Back in March when Observe & Report debuted at the SXSW Film Festival, director Jody Hill spent most of his time fending off journalists eager to draw connections between his second feature and the film that has so far turned out to be the surprise multiplex hit of this young year, Paul Blart: Mall Cop. But now that he's out on the publicity trail promoting the film in advance of its wide release this Friday, it seems that inquiring minds everywhere are less interested in how Seth Rogen is the anti-Blart and more interested in how Hill and his fellow University of North Carolina School of the Arts alumnus Danny McBride managed to conquer Hollywood. And while the story of Will Ferrell and Adam McKay discovering The Foot Fist Way after the 2006 Sundance Film Festival has been told umpteen times by now, the New York Times got Hill to open up about one of the major motivating factors that propelled him to success: his jealousy over the early-career success of David Gordon Green.
As you may know, Hill was college buddies not only with Danny McBride, but also with the director Green and Ben Best (a co-writer of Foot Fist). After getting his degree, Hill moved out to Los Angeles and worked on crappy reality shows like The Mole while trying to make a name in town. Along the way, his old buddy Green started garnering critical acclaim for films like George Washington and All the Real Girls, fueling Hill's healthy competitive spirit:
“You would read about David, he’s off in France showing his film, and it’s like, what am I doing?” Mr. Hill said. “I would literally wake up in the middle of the night in these panics. Any of the girls I dated, I apologize.”
However, this (temporary) chasm between their levels of success didn't drive the two apart; rather, it inspired Hill, McBride, and Best to head back to North Carolina and shoot The Foot Fist Way with the $30,000 Hill had saved up since college. Green helped explain Hill's motivations to make it in Hollywood thusly: "I think that [competitive drive] comes from a kid that wants to punch something.
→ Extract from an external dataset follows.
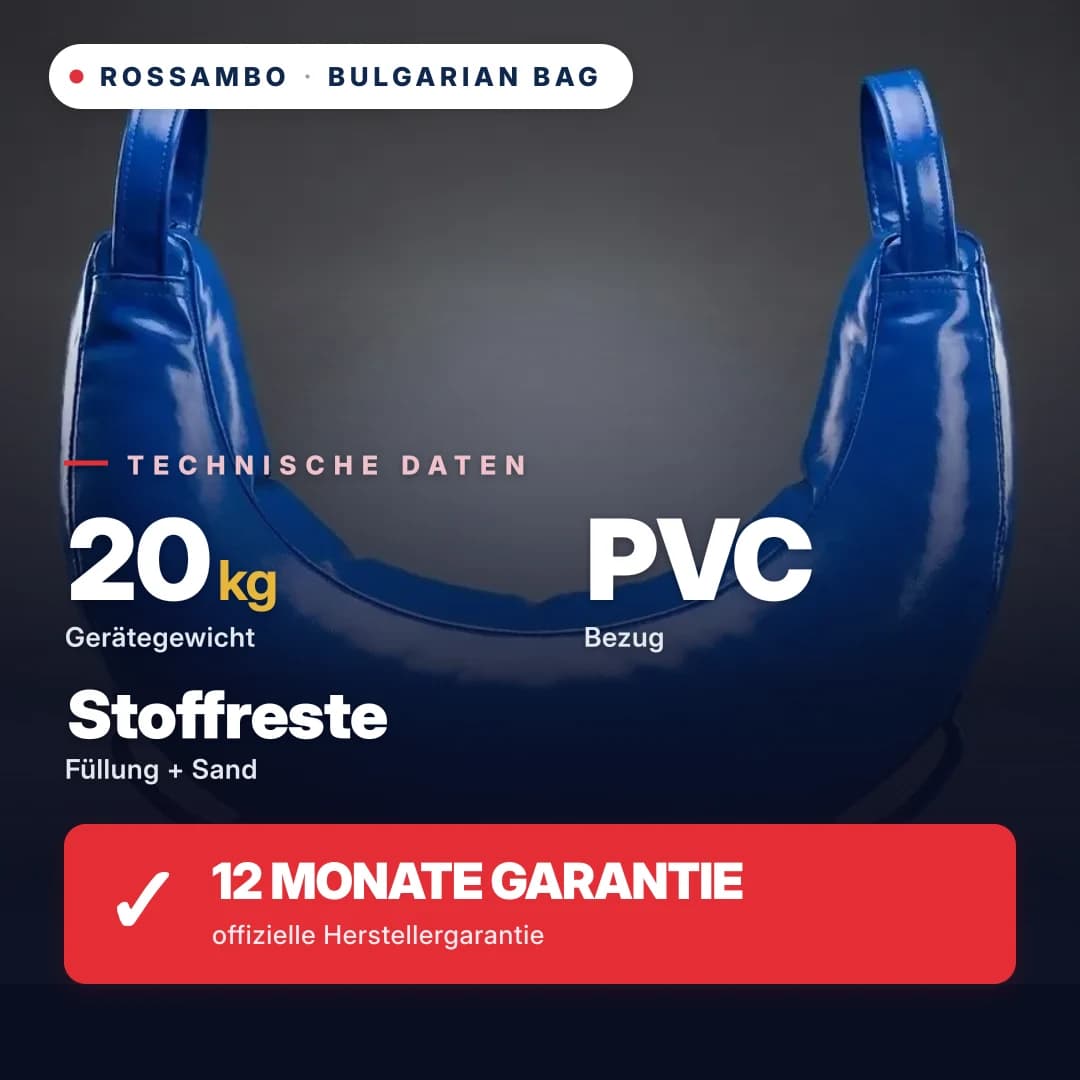 Bulgarian Bag, PVC-Plane, 20 kg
It’s great to bring that hunger and anger and put it in a healthy place."
And while we're not sure we'd describe any of Hill's work as necessarily coming from a "healthy place," we're certainly excited to see how America reacts this weekend when they go to the movies expecting to see a Blart redux and instead come out of the theater seeing something that Variety has famously described as being "downright transgressive."